**WHAT YOU NEED TO DO**
Copy the records below exactly, from the line containing "Revólver RUGER New" through the last line, and leave out every picture.

===== PROVIDED INFORMATION

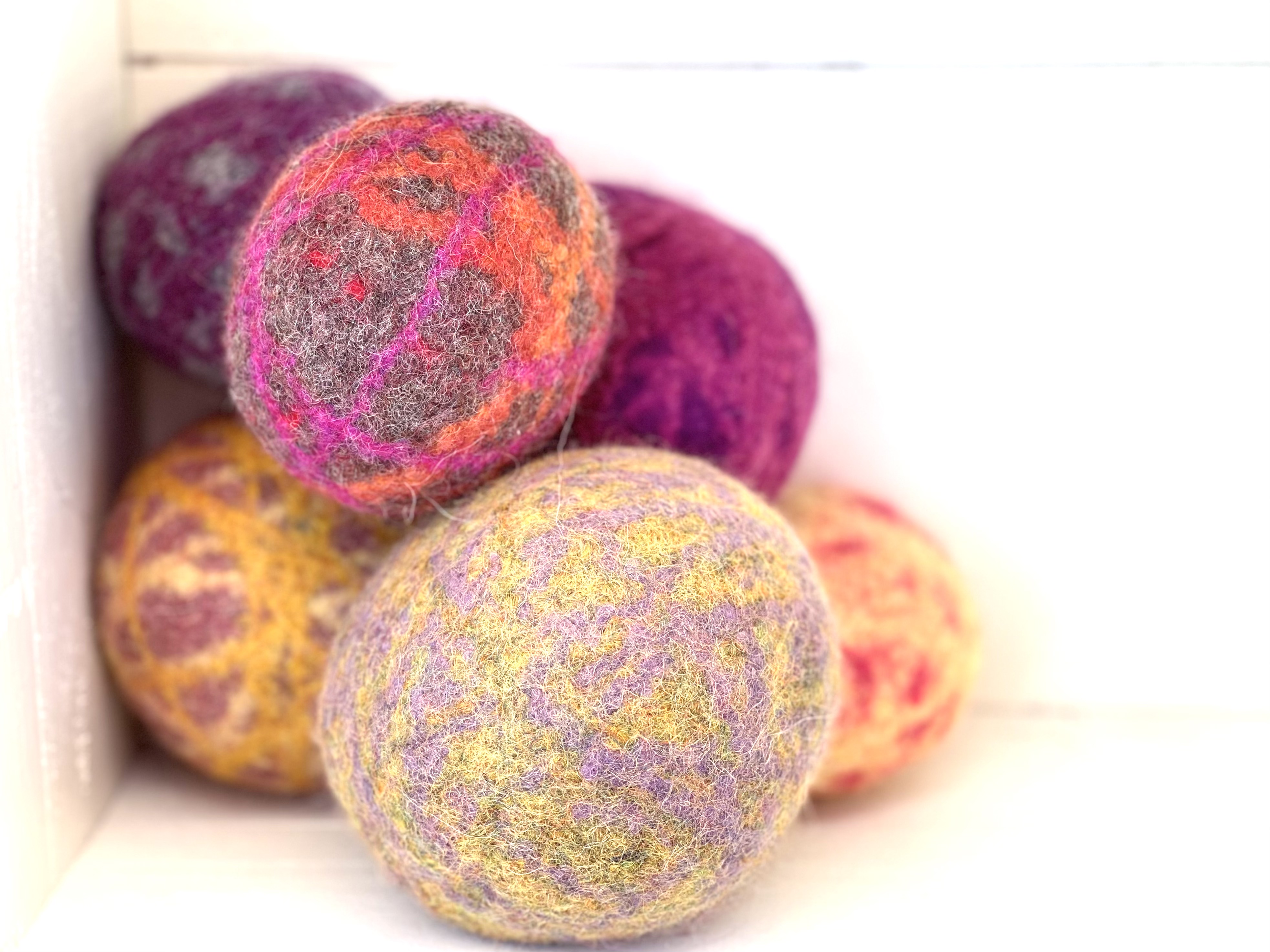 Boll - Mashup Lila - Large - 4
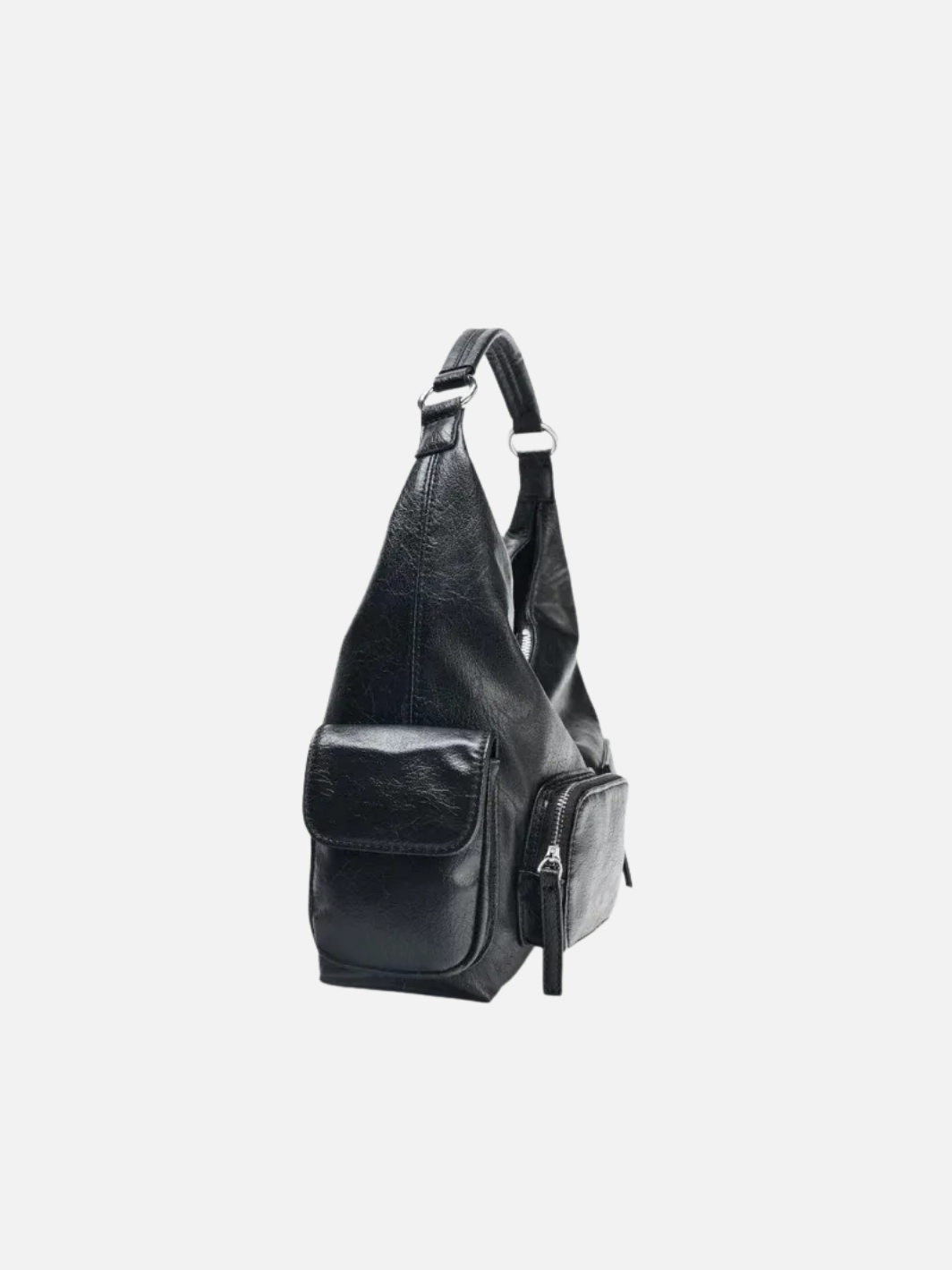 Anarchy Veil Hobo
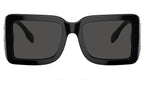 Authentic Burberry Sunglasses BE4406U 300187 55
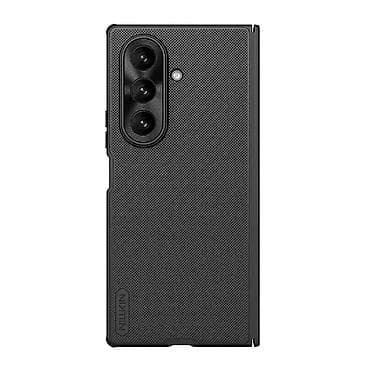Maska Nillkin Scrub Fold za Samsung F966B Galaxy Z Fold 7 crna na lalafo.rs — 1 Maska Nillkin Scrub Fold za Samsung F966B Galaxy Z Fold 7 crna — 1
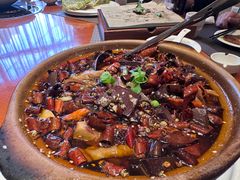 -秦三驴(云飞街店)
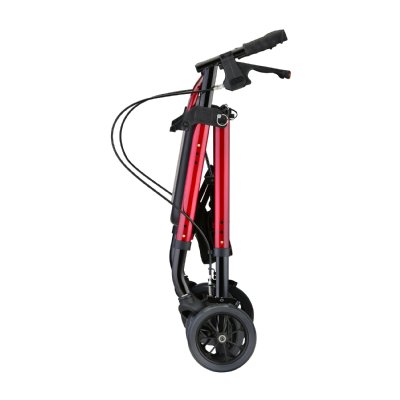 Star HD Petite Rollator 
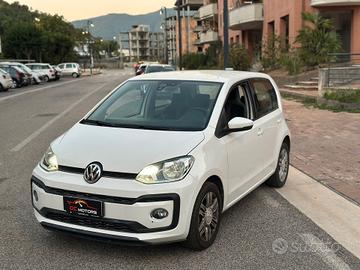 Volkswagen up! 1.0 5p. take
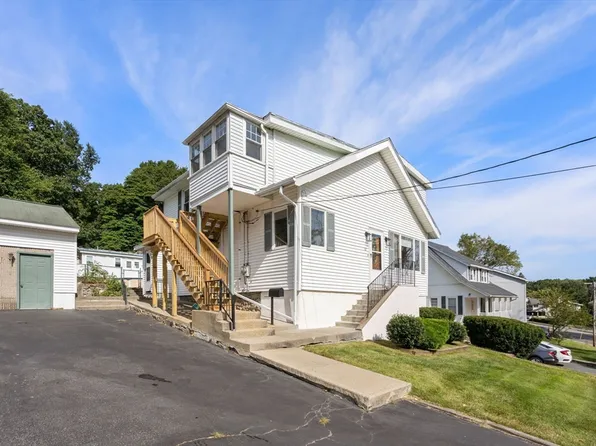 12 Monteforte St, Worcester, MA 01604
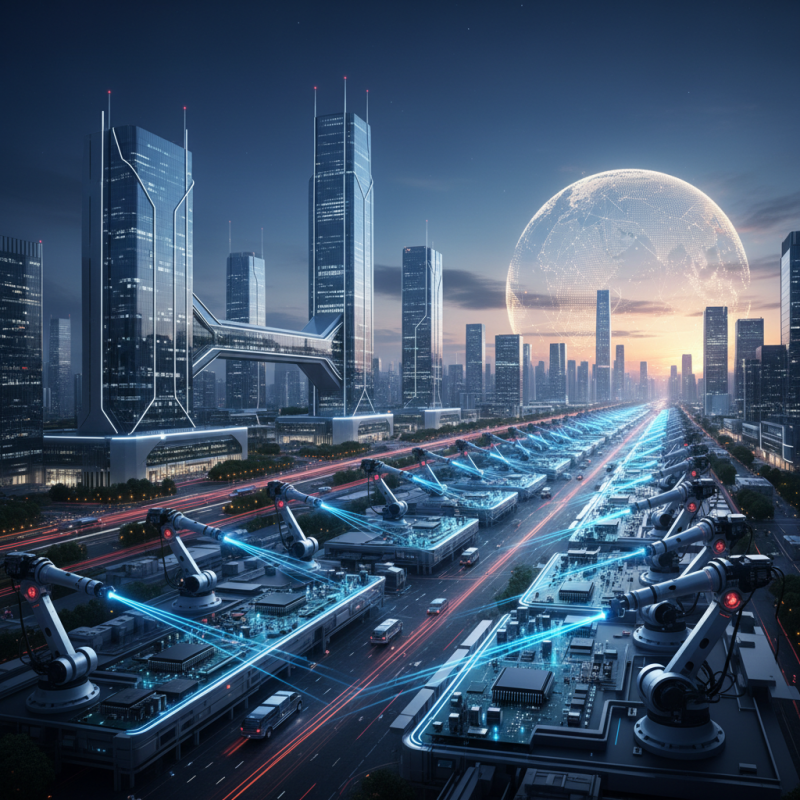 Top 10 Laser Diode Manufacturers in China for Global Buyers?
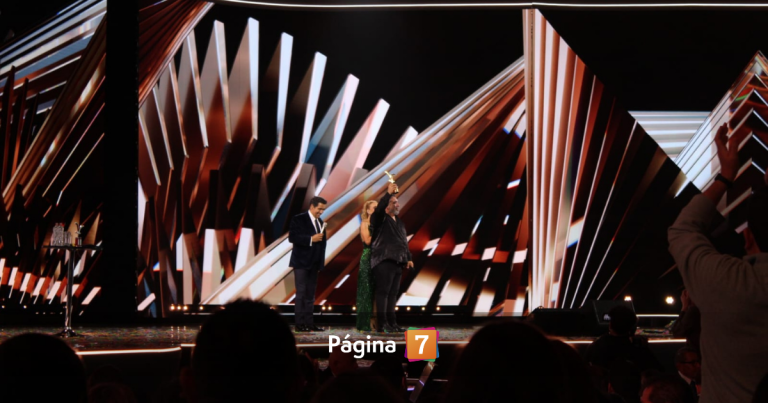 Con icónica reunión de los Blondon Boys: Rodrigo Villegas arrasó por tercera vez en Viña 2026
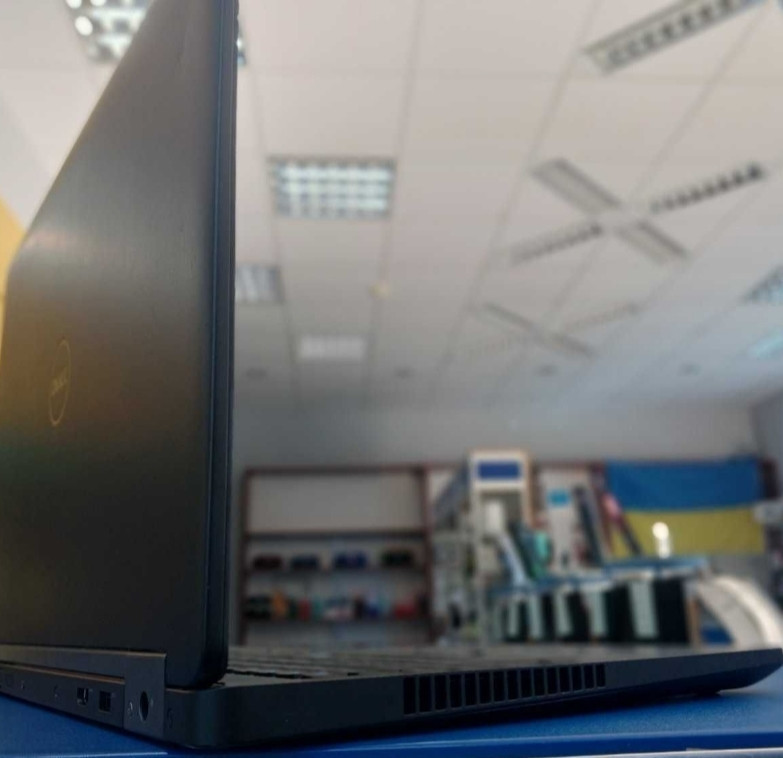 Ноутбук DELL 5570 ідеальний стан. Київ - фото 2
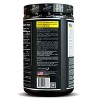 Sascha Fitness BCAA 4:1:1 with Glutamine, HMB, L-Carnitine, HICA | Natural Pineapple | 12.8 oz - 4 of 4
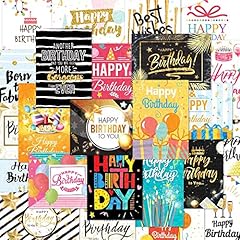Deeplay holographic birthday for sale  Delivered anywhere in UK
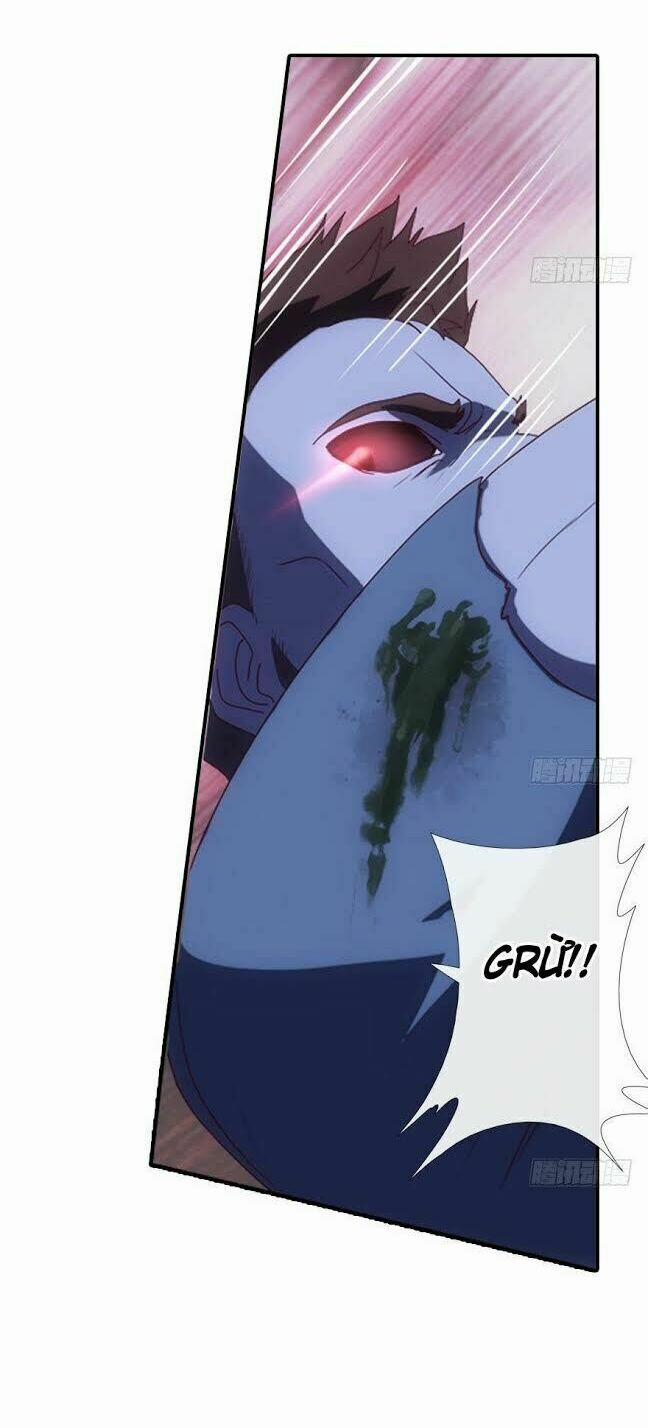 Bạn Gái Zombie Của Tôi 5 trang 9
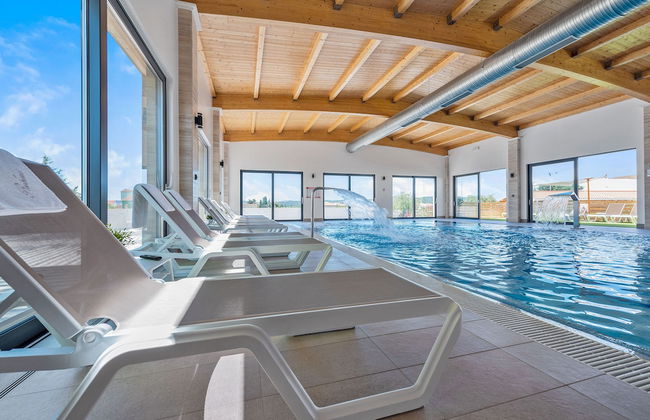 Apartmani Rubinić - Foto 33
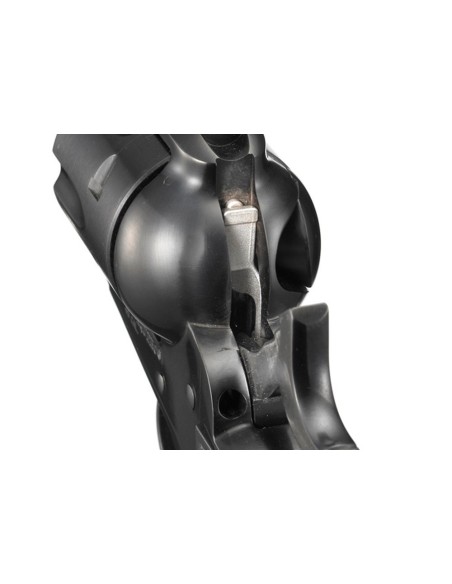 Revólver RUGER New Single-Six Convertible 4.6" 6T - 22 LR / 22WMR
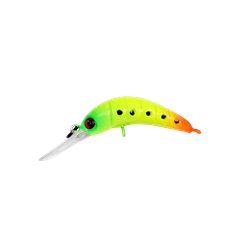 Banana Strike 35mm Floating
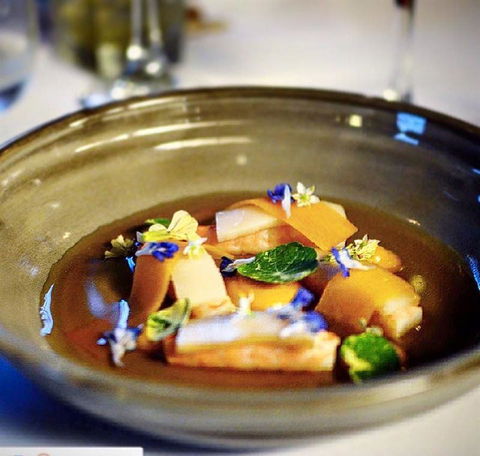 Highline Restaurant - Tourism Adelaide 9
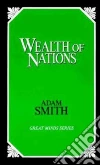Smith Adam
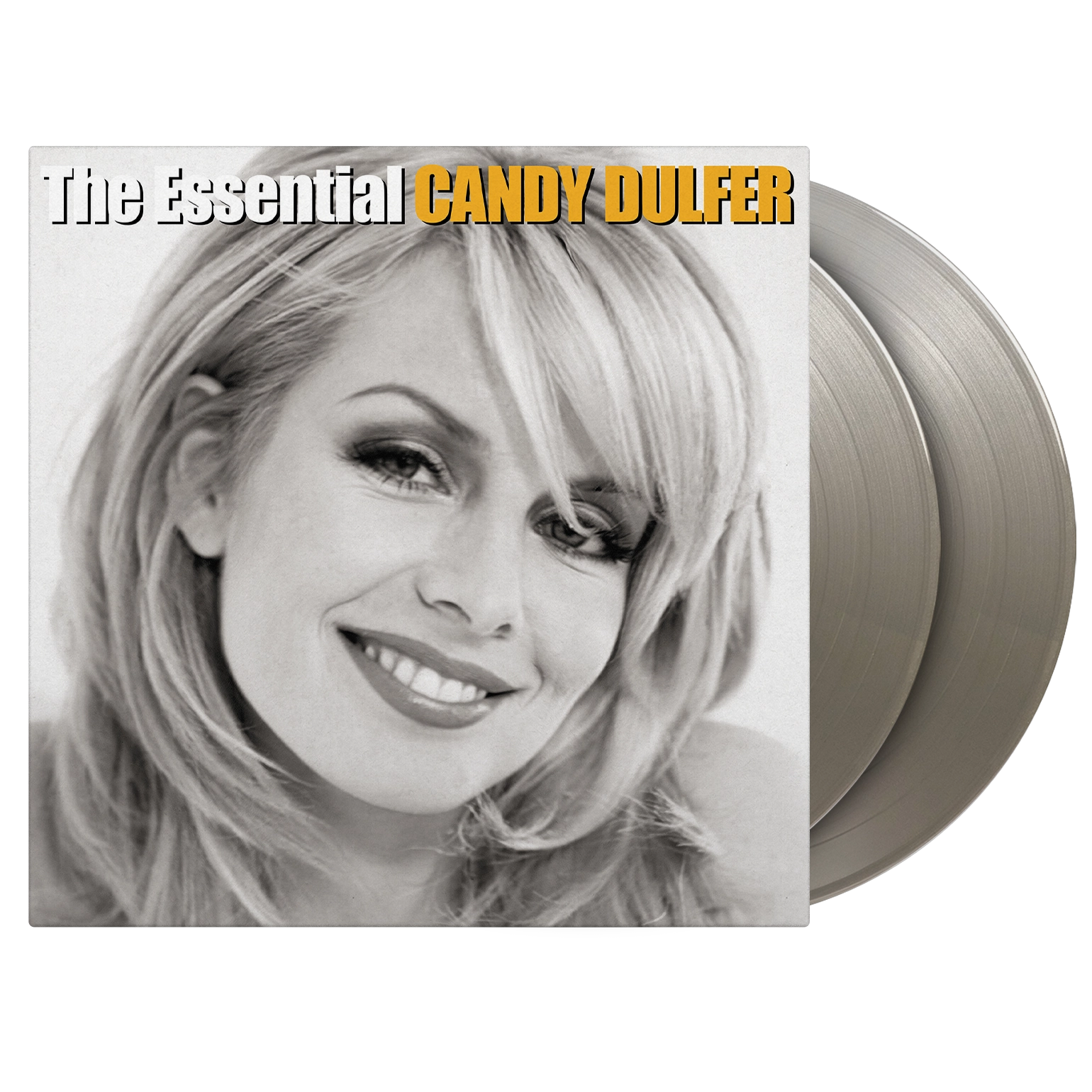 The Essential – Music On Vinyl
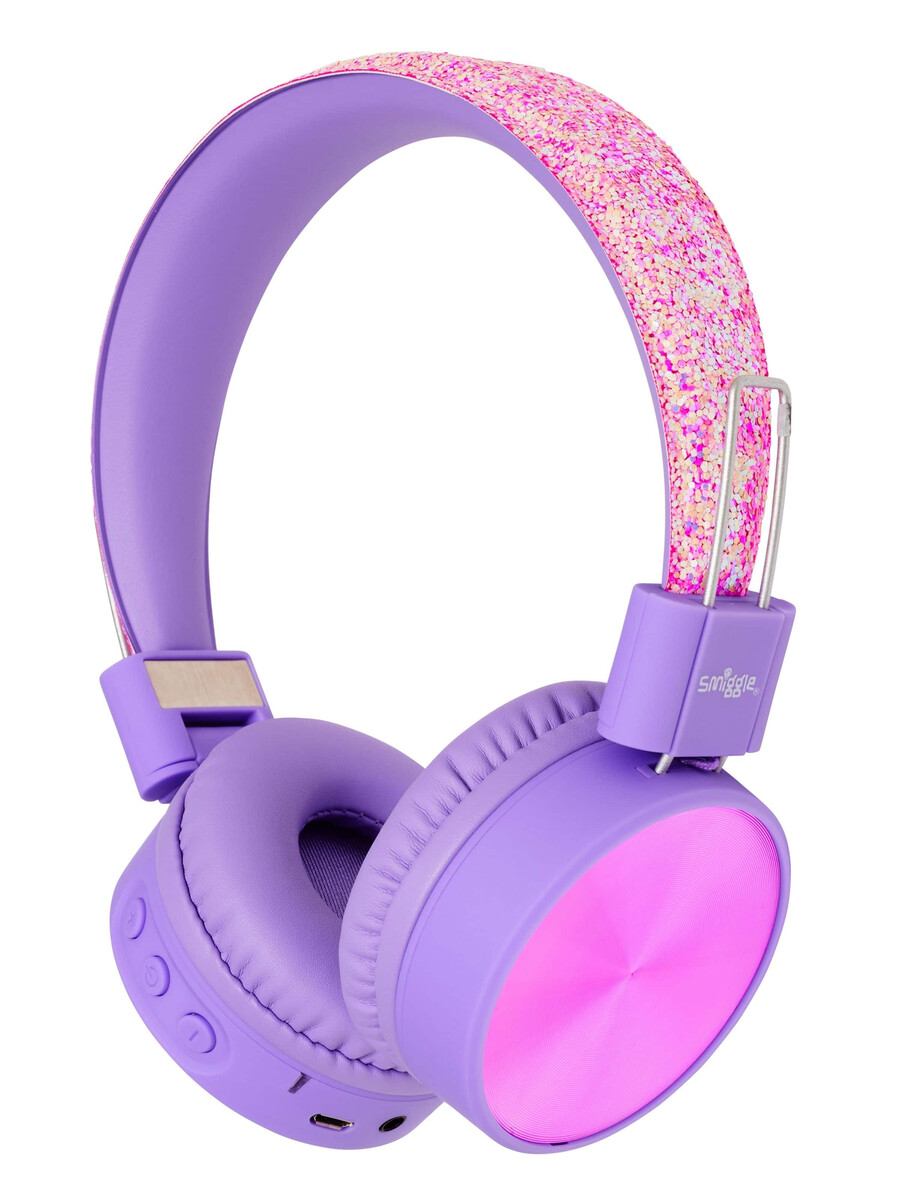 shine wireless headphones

==========

**COMPLETED EXERCISE**
 Revólver RUGER New Single-Six Convertible 4.6" 6T - 22 LR / 22WMR
 Banana Strike 35mm Floating
 Highline Restaurant - Tourism Adelaide 9
Smith Adam
 The Essential – Music On Vinyl
 shine wireless headphones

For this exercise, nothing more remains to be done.